Natural gas continues to gain traction on its long-term bounce, making its way back to the broken rising trend line on its daily time frame. This lines up with the potential resistance at the Fibonacci retracement levels.
In particular, the 50% level might be closest to the trend line around the $3.000 major psychological resistance, which might be enough to keep gains in check. Price is currently testing the 38.2% retracement level that lines up with the 200 SMA dynamic inflection point.
On the subject of moving averages, the 100 SMA is below the longer-term 200 SMA to indicate that the path of least resistance is to the downside. In other words, the selloff is more likely to gain traction than to reverse. The gap between the indicators is narrowing, though, so bearish pressure might be fading and a bullish crossover might happen soon.

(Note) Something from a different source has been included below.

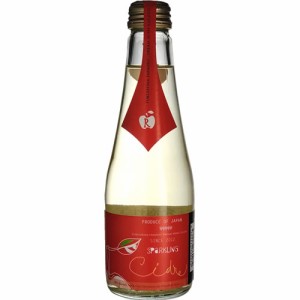 スパークリングワイン 甘口 ふくしま農家の夢ワイン シードル 250ml 福島　ギフト プレゼント(4562474760072)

Still, RSI is in the overbought zone to signal exhaustion among buyers, and turning lower could indicate that sellers are regaining the upper hand. Stochastic is also in the overbought region and is starting to head south, so price might follow suit.
Strengthening demand and lower output forecasts are propping natural gas prices higher these days, supporting the so-called seasonal bounce around this time of the year. The hurricane season in the US might lead to some outages or shutdowns in key areas, which could dampen production, while cooling weather conditions support purchases of heating commodities.
At the same time, improving risk sentiment has been positive for commodities in the past week. The US and China appear to be making trade concessions, thereby improving business outlook and demand in the near future. Apart from that, the dovish tilt of most major central banks is also supporting risk-taking as investors anticipate stronger lending and spending with low interest rates.